93% of detained youth are black: New Orleans police chief says curfew enforcement isn’t racially biased
March 29, 2013
New Orleans Police Superintendent Ronal Serpas says his city’s curfew policies are put in place because children “are less likely to get hurt or hurt someone else” if they are at home during the nighttime. But youth advocates are arguing curfew enforcement disproportionately targets poor, African-American youth.
Serpas denies his officers engage in profiling youths when they enforce curfew laws but data analyzed by The Times-Picayune found that in 2011, 93 percent of youths detained at the city’s curfew center were black. (New Orleans is 33 percent white & 60 percent black.)

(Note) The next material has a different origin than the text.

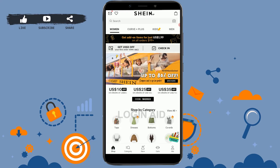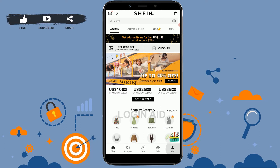To begin the process, first open the Shine application. As you can see, you are currently logged into your account. Now here you need to tap on 'Me' on the bottom right. Once you're at your profile page, you need to tap on the Settings on the top right corner.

A 2000 study of New Orleans’ curfew law concluded that it did not deter crime. The Times-Picayune summarizes the report:
[The study called] “Do Juvenile Curfew Laws Work? A Time-Series Analysis of the New Orleans Law” found that the city’s ordinance was ineffective because it didn’t cover older adolescents and young adults, who often perpetrate crime; and it excluded what are called the “afterschool hours,” when minors are most likely to commit offenses.
In other news about cops targeting black youth, Floyd v. City of New York began this week, a landmark class action suit over NYPD’s Stop & Frisk tactic run on a racially-based arrest quota system.
5 million people have been stopped by NYPD’s Stop & Frisk. 4.3 million were black or Latino.